Deuxièmement, dans l’événement du corps, ce qui fait office de trauma c’est le fait que le sujet est confronté à l’expérience de séparation entre le corps et la jouissance. On peut imaginer qu’avant la scène traumatique le corps et la jouissance ne font qu’Un. Or pour le sujet la rencontre avec le sexuel revêt ce caractère traumatique, de ciselure, de surcroit lorsque l’assentiment du sujet n’est pas demandé. Mais une fois confronté à cette béance du corps et de la jouissance, à défaut de pouvoir l’éviter, le sujet va tenter tant bien que mal, de la suturer tout au long de son existence. Que nous apprend la répétition ? Lacan évoque le terme d’entropie, je traduis cela par transformation, étalement de jouissance qui détermine que chaque répétition comporte une différence avec la précédente. Mais à la différence d’une entropie ou de transformation qui s’étalerait à perte de vue, grâce au travail de la cure effet, la répétition permet l’inscription et l’émergence de l’objet a. C’est précisément ici qui se situe une clinique différentielle du retour à la jouissance qui n’annule pas ce que nous disions précédemment, à savoir le retour du même.
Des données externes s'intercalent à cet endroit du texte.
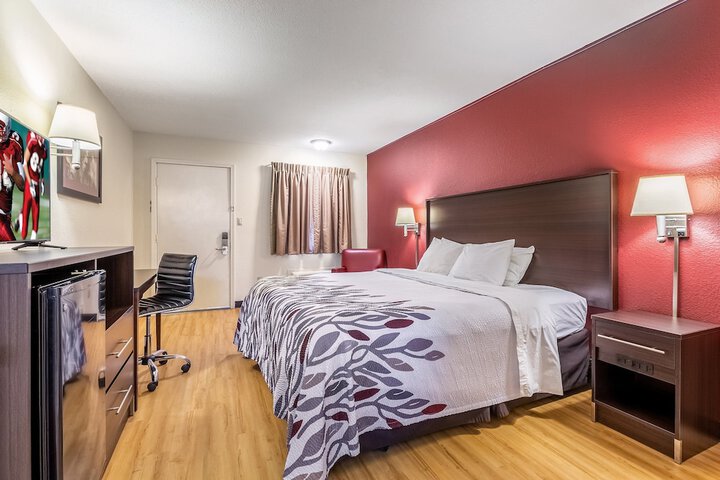 Superior King Bed (6 of 8)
Si je mixe un et deux, je dirais que d’un côté, un retour de jouissance est de l’ordre d’un retour du même, sous la forme d’une jouissance dans le réel, insymbolisable ; rappelez-vous l’enfant autiste qui reproduit les mêmes gestes, les mêmes actes et qui tourne inlassablement dans la cour de récréation autour de l’arbre ; ici le réel ne cesse pas de se répéter ; pour d’autres, c’est la rencontre avec l’Autre qui fait émerger l’objet a, le regard par exemple, qui concerne le retour d’un signifiant comportant une jouissance, s’associant à l’imaginaire dans le mixte réel-imaginaire, présent dans l’érotomanie ou dans la paranoïa, comme venant de l’Autre. Mais d’un autre point de vue, chaque tour de la répétition de la jouissance n’est pas le même. La rencontre avec l’Autre peut s’associer à la perception de son manque et être à l’origine de la quête de l’Un, mouvement qui engendre alors l’émergence du désir. La répétition est ainsi cause de désir en ce sens qu’elle produit le désir. Et à l’occasion elle peut se produire à des fins d’actes, c’est-à-dire que le sujet peut s’autoriser à faire des actes. C’est justement ce point que via la remémoration, j’évoque ici. (pg 123)

C’est donc dans le maniement du transfert que Freud va tenter d’enrayer cette répétition qu’on appelle la compulsion de répétition et va la transformer en une raison de se souvenir pour le sujet, qui passe de la morbidité de la répétition de sa névrose à une névrose dite de transfert. Freud appelle ce mouvement le « triomphe du traitement ».